▸ **INFORMATION GIVEN**
BEGIN

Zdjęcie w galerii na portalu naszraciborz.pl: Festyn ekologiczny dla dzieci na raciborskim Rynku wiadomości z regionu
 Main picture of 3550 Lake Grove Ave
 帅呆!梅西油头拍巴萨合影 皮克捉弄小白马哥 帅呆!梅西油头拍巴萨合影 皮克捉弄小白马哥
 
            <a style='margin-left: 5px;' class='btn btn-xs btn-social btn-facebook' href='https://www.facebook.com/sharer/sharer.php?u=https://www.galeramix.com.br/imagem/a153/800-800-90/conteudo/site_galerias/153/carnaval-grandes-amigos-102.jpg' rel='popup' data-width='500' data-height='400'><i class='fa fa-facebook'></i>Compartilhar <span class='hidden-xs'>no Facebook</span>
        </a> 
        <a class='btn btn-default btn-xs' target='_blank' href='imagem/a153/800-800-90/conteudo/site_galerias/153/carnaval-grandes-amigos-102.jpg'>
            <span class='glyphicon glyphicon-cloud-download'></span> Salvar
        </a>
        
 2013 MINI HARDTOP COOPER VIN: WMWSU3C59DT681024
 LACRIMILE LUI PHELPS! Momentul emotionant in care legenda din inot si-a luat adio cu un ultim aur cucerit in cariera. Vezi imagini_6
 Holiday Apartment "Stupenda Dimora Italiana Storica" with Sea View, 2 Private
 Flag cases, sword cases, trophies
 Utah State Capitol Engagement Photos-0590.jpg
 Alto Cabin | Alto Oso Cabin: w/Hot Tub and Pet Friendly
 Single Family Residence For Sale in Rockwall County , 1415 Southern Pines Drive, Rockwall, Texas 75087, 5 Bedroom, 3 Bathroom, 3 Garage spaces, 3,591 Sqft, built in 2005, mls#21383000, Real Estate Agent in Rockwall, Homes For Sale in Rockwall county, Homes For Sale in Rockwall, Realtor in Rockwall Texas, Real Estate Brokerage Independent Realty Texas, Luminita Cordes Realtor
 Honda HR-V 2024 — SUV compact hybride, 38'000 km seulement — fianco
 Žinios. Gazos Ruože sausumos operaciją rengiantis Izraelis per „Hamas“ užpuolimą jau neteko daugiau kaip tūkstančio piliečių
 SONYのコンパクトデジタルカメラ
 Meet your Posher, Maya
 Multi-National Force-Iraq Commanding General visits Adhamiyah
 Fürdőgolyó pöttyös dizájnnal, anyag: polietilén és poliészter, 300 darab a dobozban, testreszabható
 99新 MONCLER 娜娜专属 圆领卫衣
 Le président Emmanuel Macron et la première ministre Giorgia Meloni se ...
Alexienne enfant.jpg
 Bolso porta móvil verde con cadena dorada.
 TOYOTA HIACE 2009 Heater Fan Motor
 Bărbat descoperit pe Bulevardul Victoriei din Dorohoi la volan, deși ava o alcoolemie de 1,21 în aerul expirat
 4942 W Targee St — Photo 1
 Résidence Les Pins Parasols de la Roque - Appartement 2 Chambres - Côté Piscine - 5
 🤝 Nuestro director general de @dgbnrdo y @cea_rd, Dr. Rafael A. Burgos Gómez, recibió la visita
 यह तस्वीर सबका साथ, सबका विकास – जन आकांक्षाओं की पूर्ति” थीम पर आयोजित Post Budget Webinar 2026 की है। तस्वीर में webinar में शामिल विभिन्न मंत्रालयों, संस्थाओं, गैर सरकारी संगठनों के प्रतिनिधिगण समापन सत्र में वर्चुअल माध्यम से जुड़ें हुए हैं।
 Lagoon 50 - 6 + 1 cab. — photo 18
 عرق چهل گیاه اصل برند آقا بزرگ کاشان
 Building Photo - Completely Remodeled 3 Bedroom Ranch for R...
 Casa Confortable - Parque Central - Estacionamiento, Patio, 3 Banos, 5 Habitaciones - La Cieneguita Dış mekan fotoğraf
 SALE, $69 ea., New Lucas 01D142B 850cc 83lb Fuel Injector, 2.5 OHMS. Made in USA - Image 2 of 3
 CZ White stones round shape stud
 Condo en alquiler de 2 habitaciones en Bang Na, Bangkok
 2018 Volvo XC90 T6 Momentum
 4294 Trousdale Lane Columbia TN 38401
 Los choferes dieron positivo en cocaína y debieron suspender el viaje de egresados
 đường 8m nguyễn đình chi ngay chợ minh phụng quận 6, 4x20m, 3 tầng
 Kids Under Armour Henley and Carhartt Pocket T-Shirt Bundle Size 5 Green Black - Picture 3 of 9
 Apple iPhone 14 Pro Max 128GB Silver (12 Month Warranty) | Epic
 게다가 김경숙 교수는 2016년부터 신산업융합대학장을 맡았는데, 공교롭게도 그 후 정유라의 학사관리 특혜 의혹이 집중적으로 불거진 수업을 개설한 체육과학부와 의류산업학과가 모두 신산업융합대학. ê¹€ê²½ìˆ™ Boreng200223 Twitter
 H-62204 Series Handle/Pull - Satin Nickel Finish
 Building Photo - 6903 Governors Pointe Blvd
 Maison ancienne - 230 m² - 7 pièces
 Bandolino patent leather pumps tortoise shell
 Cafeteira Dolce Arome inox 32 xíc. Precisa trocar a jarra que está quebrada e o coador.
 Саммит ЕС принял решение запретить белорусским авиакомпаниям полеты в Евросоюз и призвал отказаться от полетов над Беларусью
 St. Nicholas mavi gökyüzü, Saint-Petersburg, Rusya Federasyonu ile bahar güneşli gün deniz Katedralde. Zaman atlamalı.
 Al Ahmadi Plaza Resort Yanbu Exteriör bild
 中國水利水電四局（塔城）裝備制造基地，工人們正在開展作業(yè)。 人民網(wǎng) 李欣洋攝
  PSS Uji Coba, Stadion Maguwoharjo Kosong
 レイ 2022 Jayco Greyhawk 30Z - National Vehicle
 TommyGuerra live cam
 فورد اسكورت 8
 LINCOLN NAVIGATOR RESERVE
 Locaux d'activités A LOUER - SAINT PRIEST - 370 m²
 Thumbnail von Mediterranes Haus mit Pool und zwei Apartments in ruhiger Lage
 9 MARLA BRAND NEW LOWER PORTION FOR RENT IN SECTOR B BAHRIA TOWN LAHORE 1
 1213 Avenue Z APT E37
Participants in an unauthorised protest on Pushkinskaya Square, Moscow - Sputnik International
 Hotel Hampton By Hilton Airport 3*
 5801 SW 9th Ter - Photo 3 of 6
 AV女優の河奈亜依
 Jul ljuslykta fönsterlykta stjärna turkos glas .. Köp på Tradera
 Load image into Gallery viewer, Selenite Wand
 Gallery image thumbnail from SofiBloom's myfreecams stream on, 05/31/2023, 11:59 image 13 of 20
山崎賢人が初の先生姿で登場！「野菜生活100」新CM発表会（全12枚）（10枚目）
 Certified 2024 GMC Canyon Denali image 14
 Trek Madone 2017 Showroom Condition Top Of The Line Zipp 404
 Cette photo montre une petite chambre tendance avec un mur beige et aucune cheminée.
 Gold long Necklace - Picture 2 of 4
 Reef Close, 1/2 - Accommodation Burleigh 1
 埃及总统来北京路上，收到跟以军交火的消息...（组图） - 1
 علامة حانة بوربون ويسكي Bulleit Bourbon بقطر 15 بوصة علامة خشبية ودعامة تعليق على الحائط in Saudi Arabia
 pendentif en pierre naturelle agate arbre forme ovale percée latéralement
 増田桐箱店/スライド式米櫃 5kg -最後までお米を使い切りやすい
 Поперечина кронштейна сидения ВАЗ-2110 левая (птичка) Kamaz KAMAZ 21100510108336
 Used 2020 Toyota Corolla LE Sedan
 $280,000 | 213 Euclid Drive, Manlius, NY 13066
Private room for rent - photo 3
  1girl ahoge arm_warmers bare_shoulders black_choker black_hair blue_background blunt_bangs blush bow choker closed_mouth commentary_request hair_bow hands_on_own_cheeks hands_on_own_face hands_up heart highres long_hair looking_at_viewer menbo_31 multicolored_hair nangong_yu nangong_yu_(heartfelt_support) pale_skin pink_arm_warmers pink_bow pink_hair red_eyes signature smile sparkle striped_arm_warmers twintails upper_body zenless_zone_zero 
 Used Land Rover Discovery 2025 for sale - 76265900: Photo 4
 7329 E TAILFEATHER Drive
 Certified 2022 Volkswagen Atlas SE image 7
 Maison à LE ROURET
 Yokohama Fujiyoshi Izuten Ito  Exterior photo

END

Out of the entries above, write out only the lines between the line holding "علامة حانة بوربون" and the line holding "増田桐箱店/スライド式米櫃 5kg -最後までお米を使い切りやすい", inclusive, each exactly as given.

 علامة حانة بوربون ويسكي Bulleit Bourbon بقطر 15 بوصة علامة خشبية ودعامة تعليق على الحائط in Saudi Arabia
 pendentif en pierre naturelle agate arbre forme ovale percée latéralement
 増田桐箱店/スライド式米櫃 5kg -最後までお米を使い切りやすい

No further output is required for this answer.